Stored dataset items

*** Block opens ***

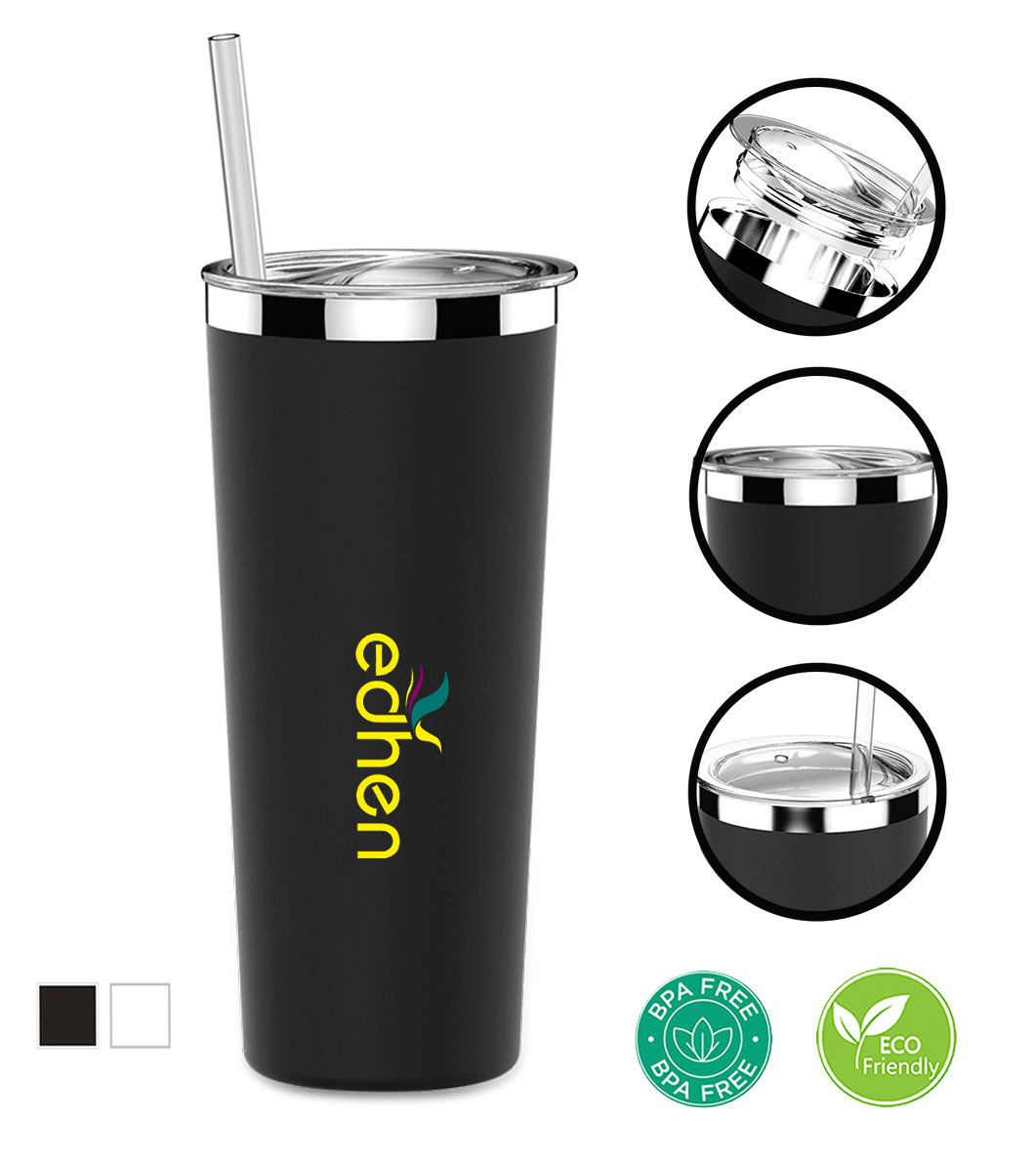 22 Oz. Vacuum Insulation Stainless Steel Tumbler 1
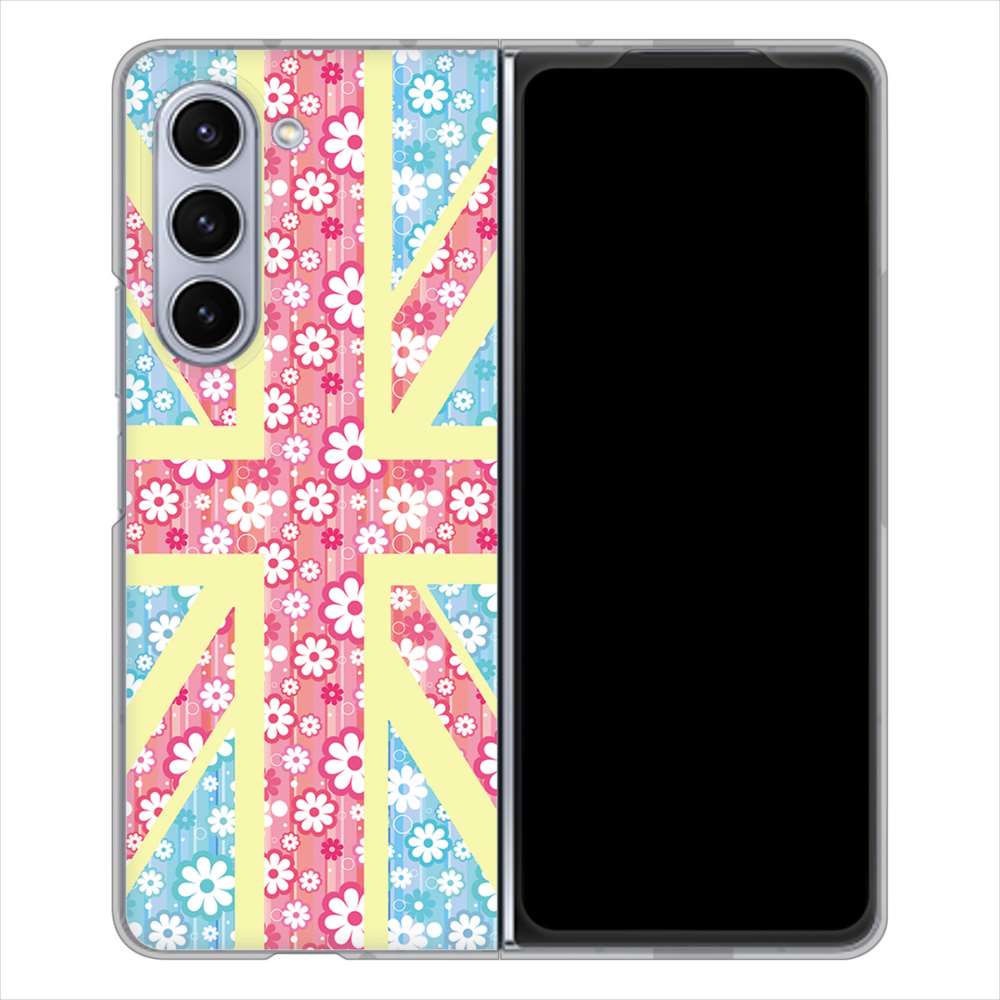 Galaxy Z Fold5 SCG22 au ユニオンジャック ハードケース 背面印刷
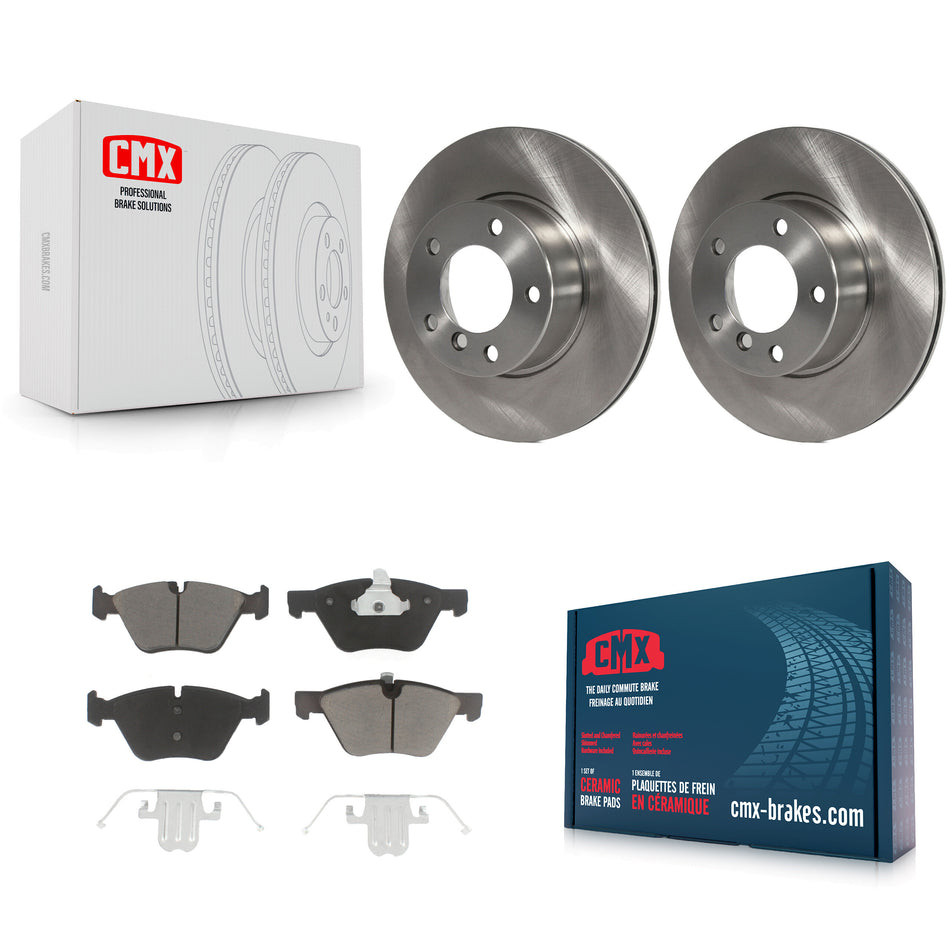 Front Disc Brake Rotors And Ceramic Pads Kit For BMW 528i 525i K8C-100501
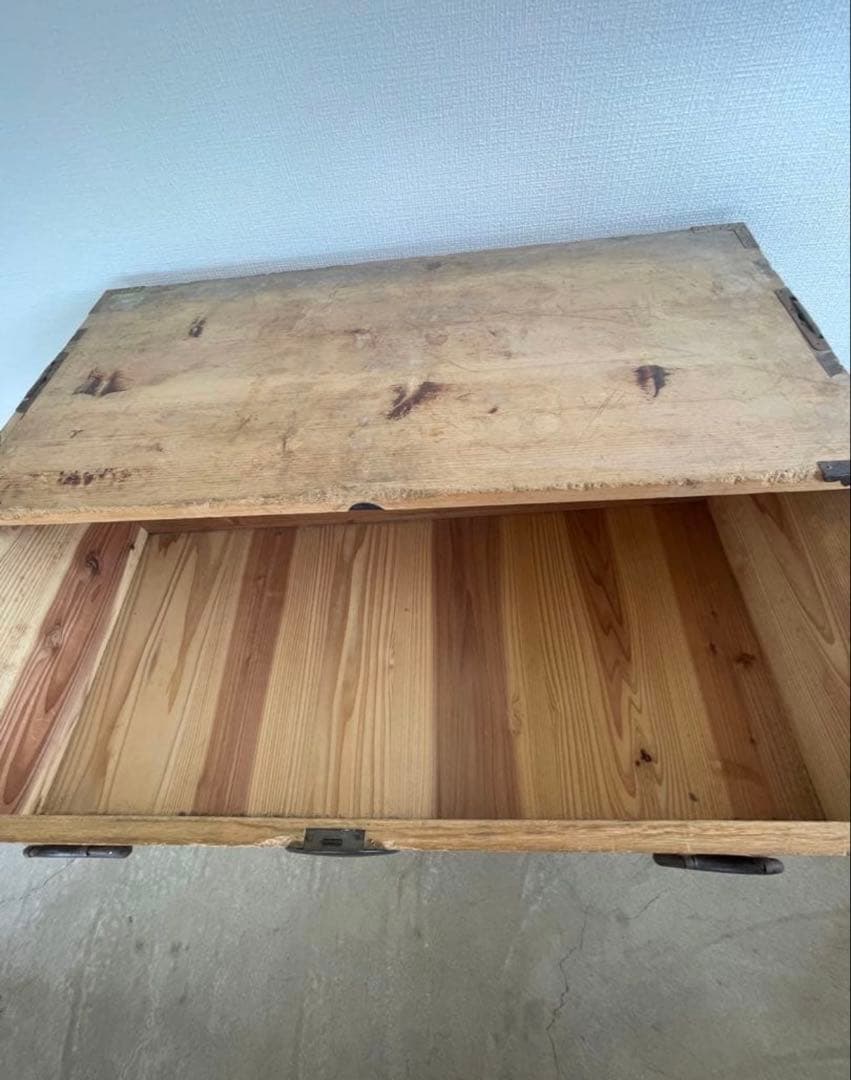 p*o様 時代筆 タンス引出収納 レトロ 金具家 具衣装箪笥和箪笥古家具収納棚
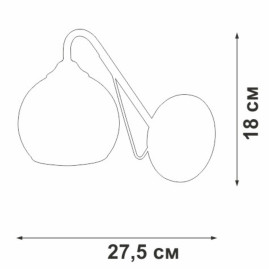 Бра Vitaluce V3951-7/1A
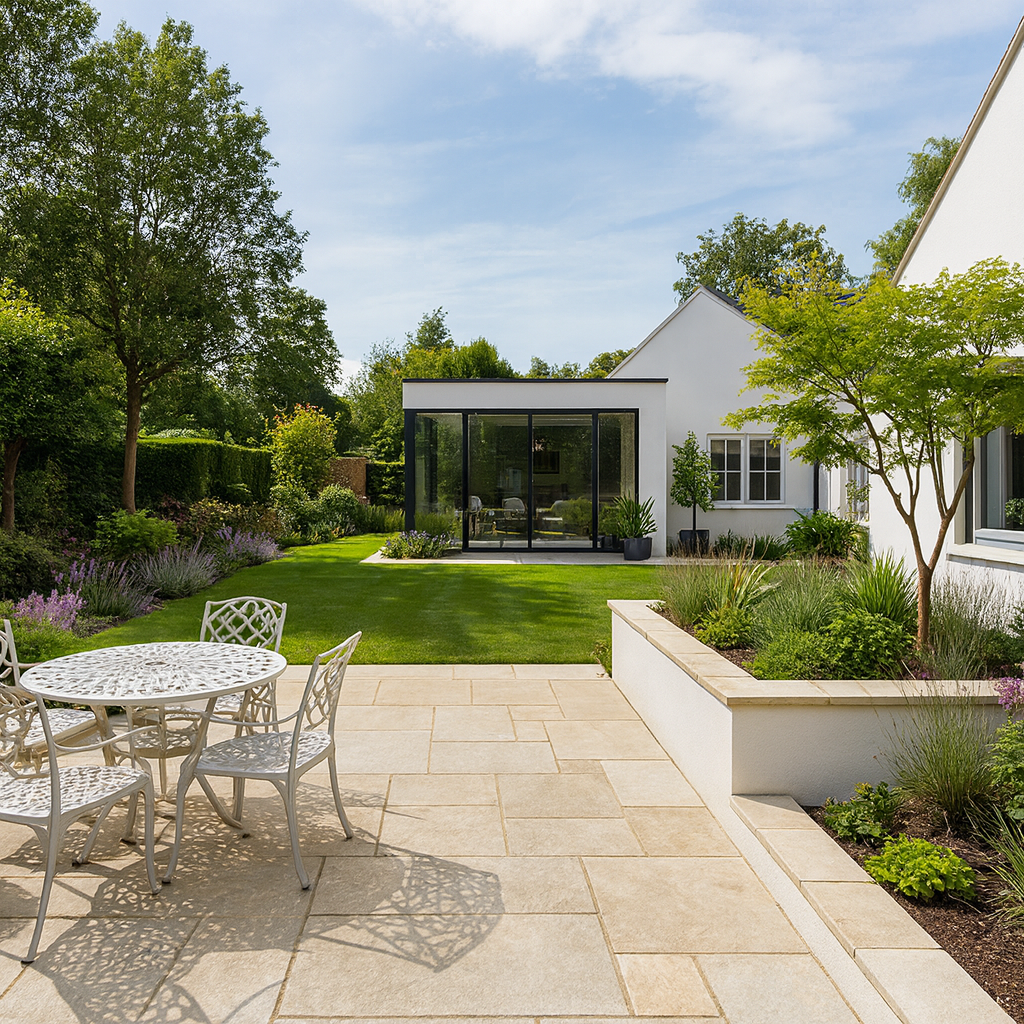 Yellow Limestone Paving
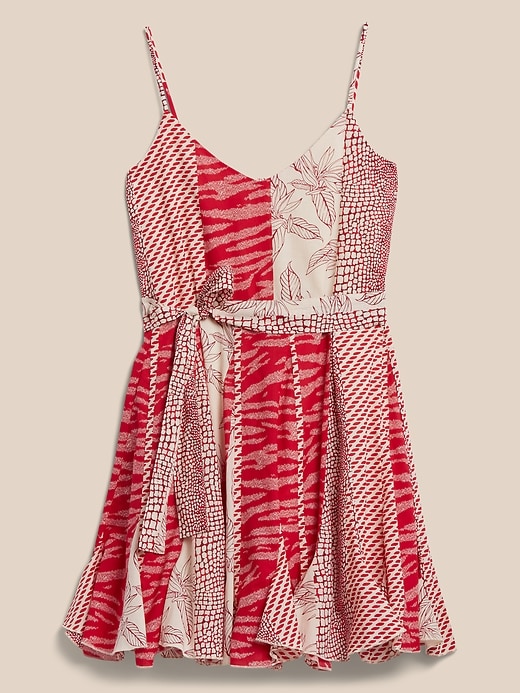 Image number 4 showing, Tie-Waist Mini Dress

*** Block closes ***

TASK DESCRIPTION: Would you mind returning each entry above word for word, skipping the images?

ANSWER TO THE EXERCISE:
 22 Oz. Vacuum Insulation Stainless Steel Tumbler 1
 Galaxy Z Fold5 SCG22 au ユニオンジャック ハードケース 背面印刷
 Front Disc Brake Rotors And Ceramic Pads Kit For BMW 528i 525i K8C-100501
 p*o様 時代筆 タンス引出収納 レトロ 金具家 具衣装箪笥和箪笥古家具収納棚
 Бра Vitaluce V3951-7/1A
 Yellow Limestone Paving
 Image number 4 showing, Tie-Waist Mini Dress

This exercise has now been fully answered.